Я работал в Клане, а в Челлино обо мне снова начали распускать сплетни. По зависти или просто из желания сделать другим больно злые языки начали говорить, что в Милане я работаю посудомойкой. «Альбано поет в Милане под аккомпанемент своей гитары, но денег ему за это не платят, - говорила одна моя родственница. – Скоро, чтобы прокормиться, он вызовет на Север свою мать, которая будет сопровождать его по улицам; в одной руке у нее будет клетка с говорящим попугаем, а другой она будет просить милостыню». Ужасные слова. Абсурдные. Непостижимые, тем более, что исходят из уст родственницы. Впрочем, именно поэтому им верили. Дошло это и до моей матери и причинило ей новую боль. Она нашла в себе смелость рассказать об этом мне, и я думал, что умру со стыда – столько горечи было в ее голосе. В те годы я продолжал, образно говоря, выковывать тот щит, который защищал меня от трудностей, с тем чтобы встречать их с открытым забралом. Но страдание моей матери превратило мою решимость в страшную злость: гнев пронизывал меня до самых костей.
Я работал в Клане Челентано два года, и за все это время ни разу не говорил с глазе на глаз с Адриано. Я пересекался с ним, когда пел на его концертах, мог столкнуться с ним на сцене, но от него я ни разу не слышал ни обращенного ко мне слова, ни даже просто взгляда в свою сторону не замечал. Думаю, он даже не знал о том, что я существую и вхожу в состав его группы. Должен сказать, что это и по моей вине – из-за робости, которая заставляла меня делать все возможное, чтобы не встречаться с Челентано напрямую. Я чувствовал себя ничтожно маленьким перед ним, практически посторонним, и меня парализовали любые мысли о том, что я могу причинить ему беспокойство. Легендарный Челентано. Даже при том, что я никогда с ним не разговаривал, его я также считаю одним из моих учителей. А как можно было у него не учиться? Этот артист – гениален, и в то же время прост и непредсказуем: среди его концертов невозможно найти двух одинаковых. На сцене он чувствовал себя как дома; ему не нужны были сценарии, и каждый раз он изобретал все новое. Наблюдая за тем, как он ведет концерты, я понял, что истинный сценарий любого спектакля – это люди, зрители. Артист на сцене должен быть настроен на ту же волну чувствительности, что и публика; он должен уметь понимать ее и давать ей все то, что она хочет, но при этом все должно быть неожиданно, непредсказуемо.

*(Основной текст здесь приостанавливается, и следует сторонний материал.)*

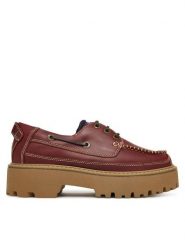 Tommy Jeans Półbuty Archive '01 Boat Shoe Leather EN0EN03003 Bordowy. Czerwone półbuty damskie Tommy Jeans, bez wzorów, z jeansu, bez obcasa, na płaskiej podeszwie, bez zapięcia. Za 569.99 zł.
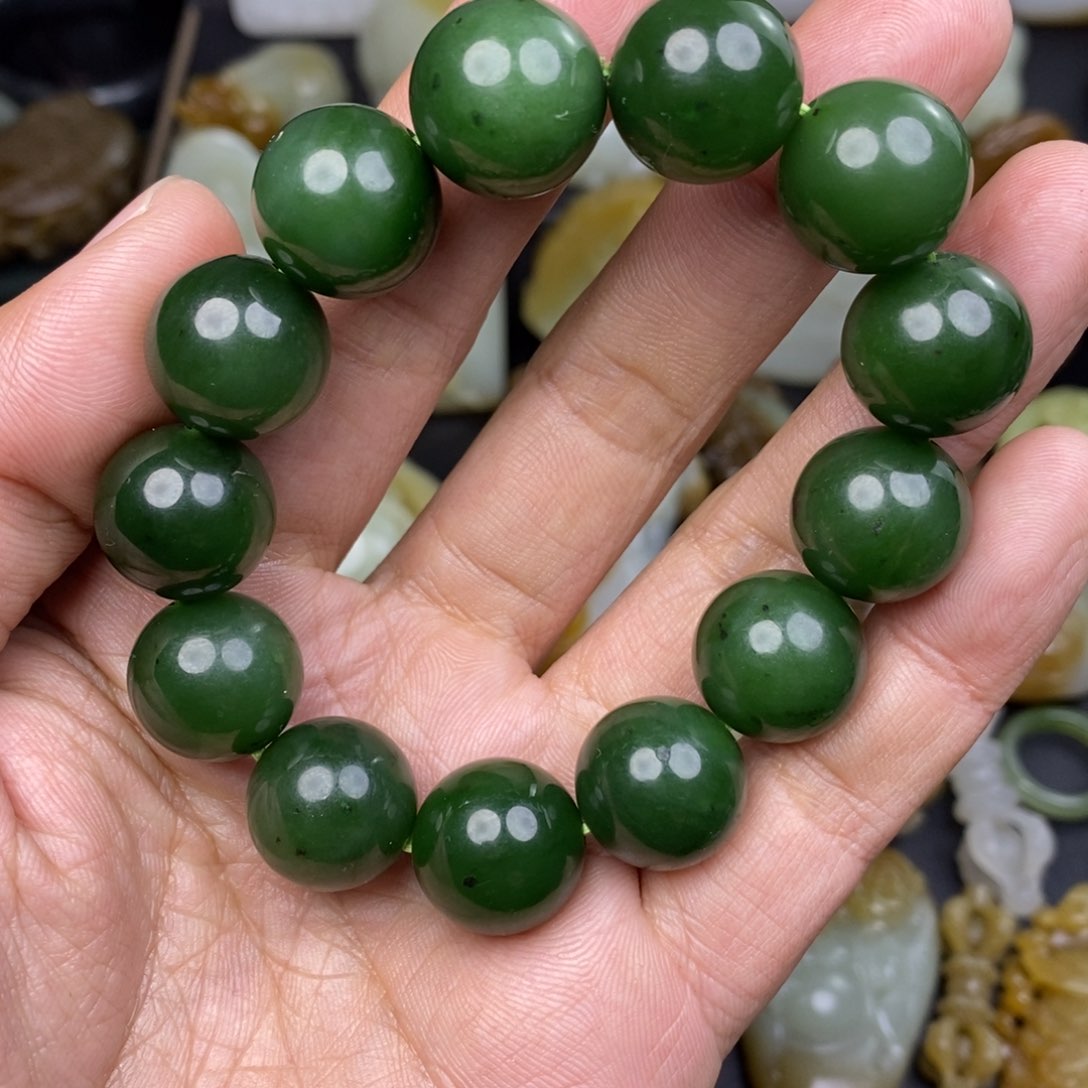 和田玉手串未镶嵌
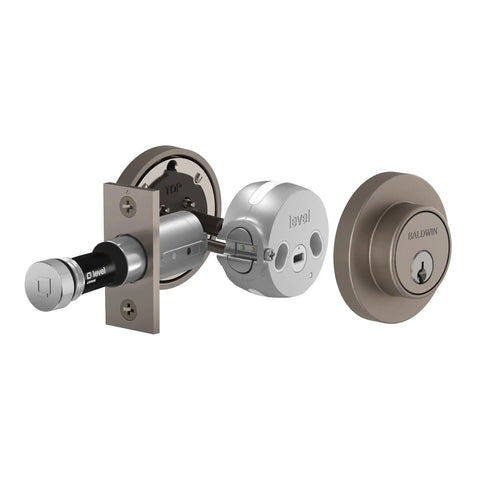 Top Notch Wifi Bluetooth Deadbolt Slick Keyless Entry Smooth Operation Solid Brass Construction Sleek Polished Chrome Finish Easy Pairing components visible from side angle.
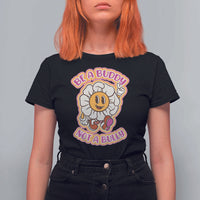 Pink Shirt Day T Shirt For Women Be A Buddy Not A Bully Anti Bullying Funny Wordplay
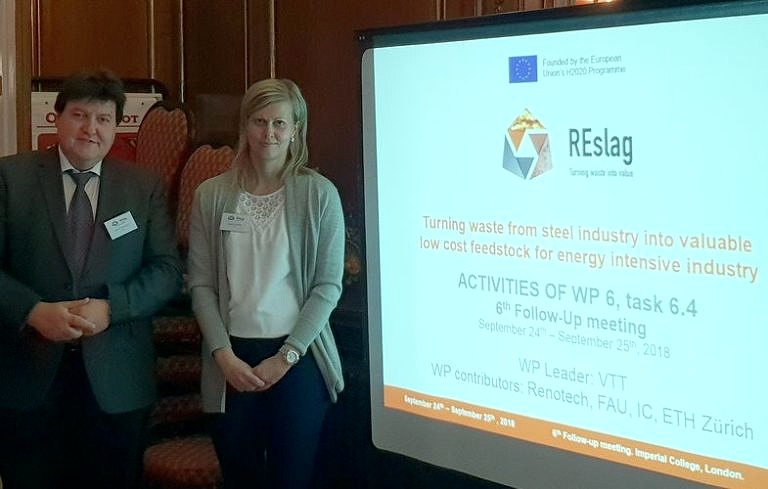 EU-Projekt RESLAG Progressmeeting in London, UK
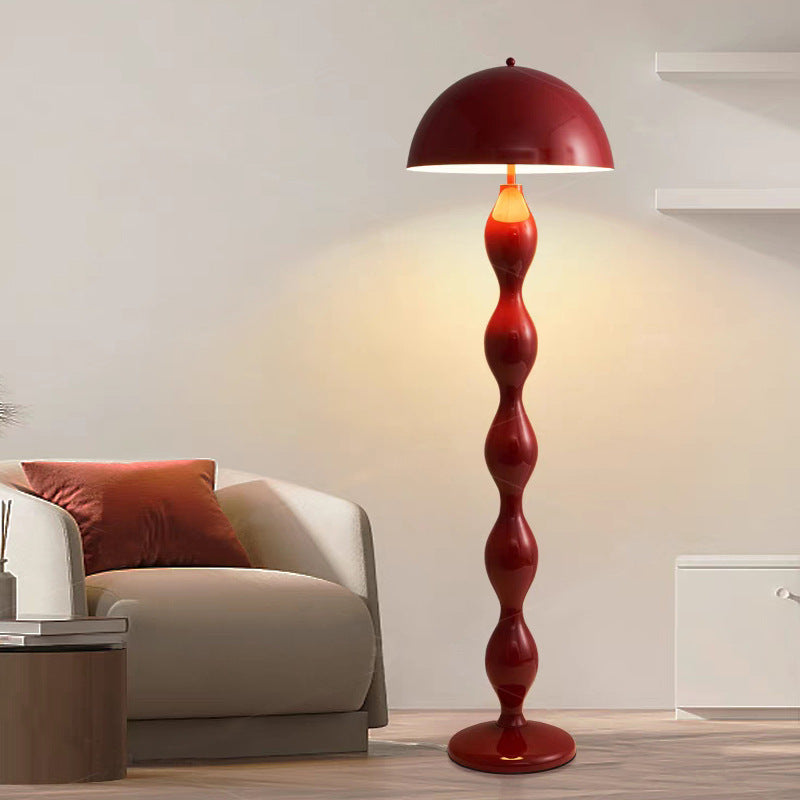 Scandinavian Green Floor Lamp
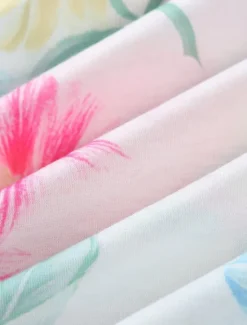 New Women's Normal EU / US Size Midi Dress Long Sleeve Boho Dress Sundress Elegant Dress Elegant Bohemia Tropical Lace Sleeve Party Daily Date Loose Fit Floral Marble Short Sleeve V Neck Light Pink White Women Floral Dresses|Spring Dresses
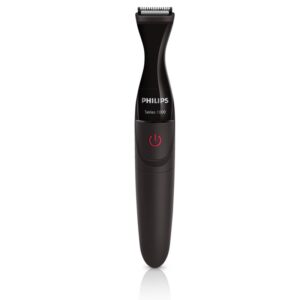 Aparador De Barba Philips Series 1000 Mg1100/16 A Pilha Preto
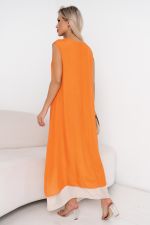 Платье Велла (коррал) Р11-1171 Nikol (Акция)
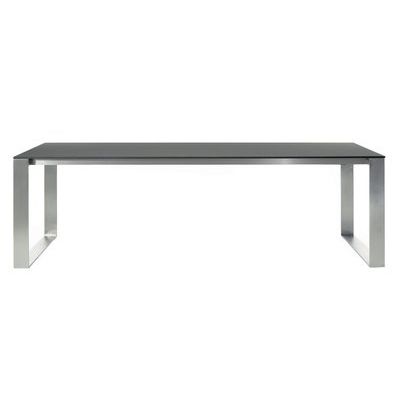 现代风格餐桌 - FRAME - Steininger Designers - 复合材料 / 不锈钢桌脚 / 长方形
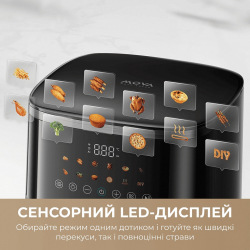 Мультипіч Mova AeroChef FD10 Pro Max Black (MOVA-FD10-PMAX-B) - Картинка 10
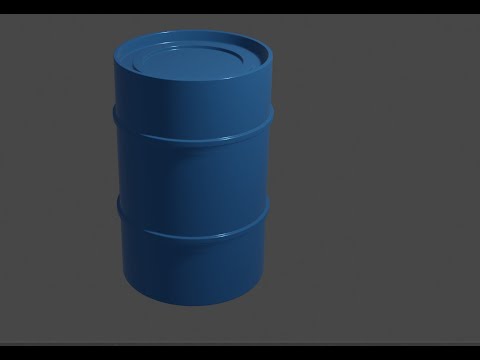 Видео: Моделируем металлическую бочку в Blender 3d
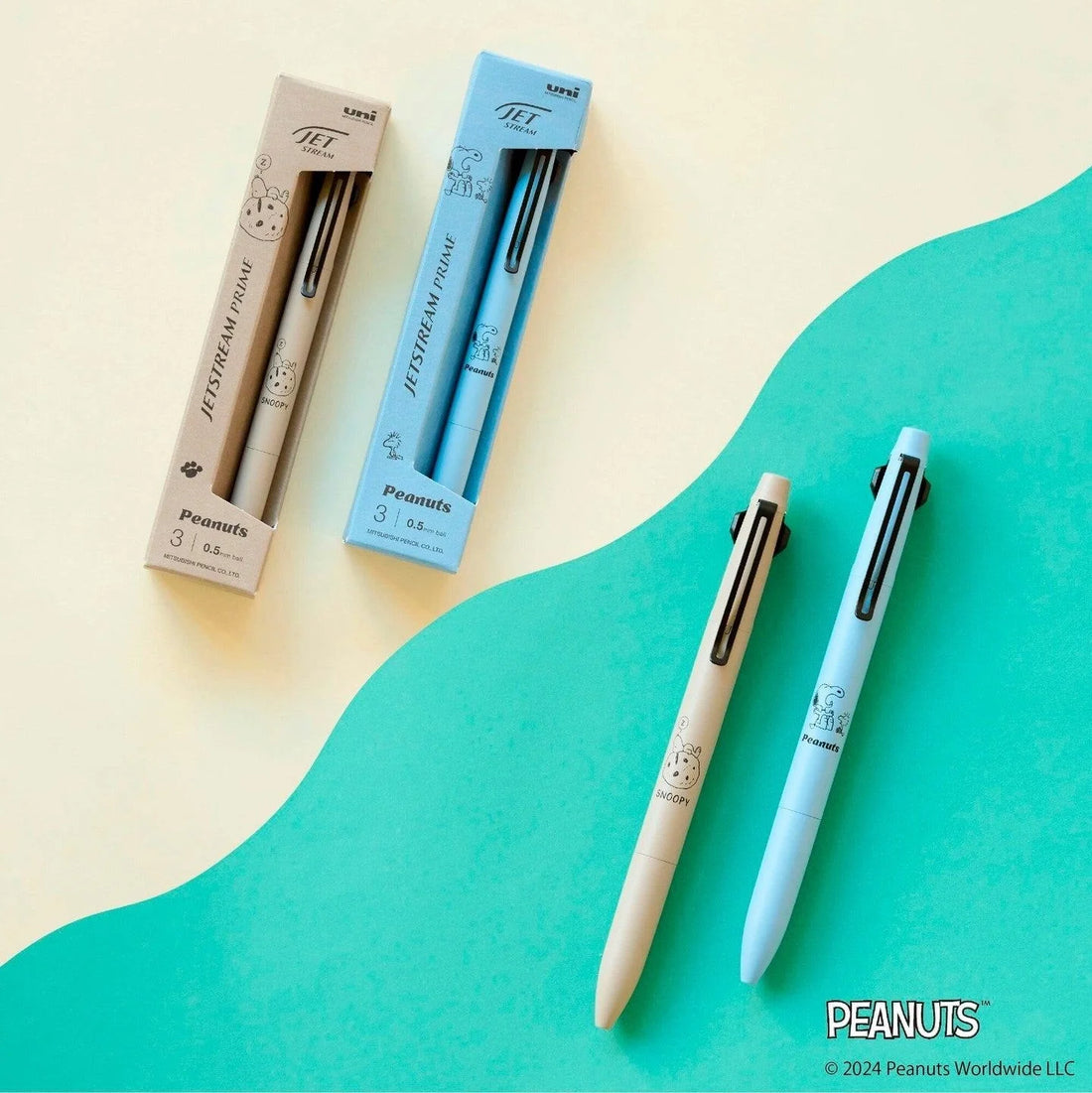 uni Snoopy JETSTREAM Prime Multifunction Ballpoint Pen 0.5mm - Latte Brown - Default Title by Techo Treats Stationery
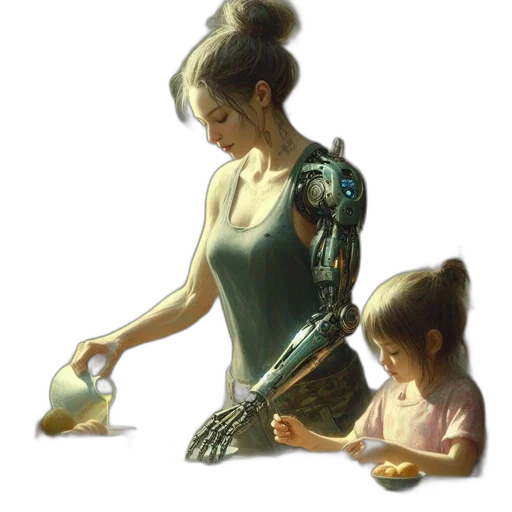 robot, jewelry, food, weapon transparent PNG cut-out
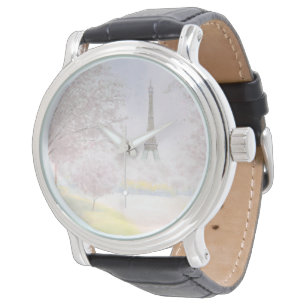 Hübsches Paris in den Pastellen Armbanduhr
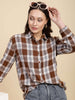 Shop Women Checked Shirt Online.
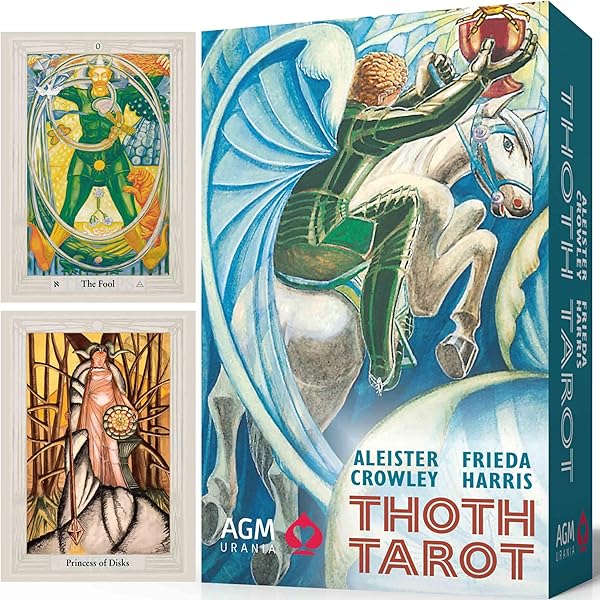 洋書 THE BOOK OF THOTH (Egyptian Tarot) The Book of Thoth (Egyptian Tarot) - Tarotopia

Несколькими годами позже, когда я уже стал известным, в прессе развернулась нешуточная полемика об Адриано, поскольку Клан разделился, а его руководители стали между собой судиться. Тогда директор одного из музыкальных журналов сказал мне: «Если ты расскажешь про Челентано что-нибудь нехорошее, мы дадим твое фото на обложке». Я рассмеялся и ответил, что не знаком с Челентано. «Но даже если бы и был знаком, все равно не сказал бы о нем ничего плохого, потому что Челентано дал мне возможность петь в своем Клане, приобрести опыт и научиться тому, чему никто другой не смог бы меня научить», - добавил я. К сожалению, в Клане так вели себя не все. С моих последних позиций я мог наблюдать за всеми, кто был впереди – то есть за всеми остальными. Приходил Челентано, и все были с ним почтительны: «Привет, шеф!» - говорили ему. «Ты велик, Адриано!» «Ты единственный!» Но как только он удалялся, начиналась критика и просто грязь. «У него нет слуха!» «Он долго не протянет!» «Клан крадет авторские права!» «Да и жена у него далеко не святая!»
Я был ошарашен. «Но как же это возможно?» - думал я. Эти люди с ним живут, едят с его рук, дышат этим воздухом и имеют смелость его критиковать. Критика. Тогда я еще не знал, сколько сам от нее натерплюсь.